DATASET:
*-*-*

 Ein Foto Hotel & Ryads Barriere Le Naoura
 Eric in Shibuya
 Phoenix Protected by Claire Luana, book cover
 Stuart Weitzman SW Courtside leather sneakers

*-*-*

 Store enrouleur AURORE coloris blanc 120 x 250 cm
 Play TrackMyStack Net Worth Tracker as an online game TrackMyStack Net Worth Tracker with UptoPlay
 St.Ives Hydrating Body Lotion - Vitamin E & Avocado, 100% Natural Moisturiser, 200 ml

*-*-*

REQUIRED WORK: Transcribe the records above from the line holding "Phoenix Protected by" down to the line holding "Stuart Weitzman SW", inclusive, without adding anything.

TASK SOLUTION:
 Phoenix Protected by Claire Luana, book cover
 Stuart Weitzman SW Courtside leather sneakers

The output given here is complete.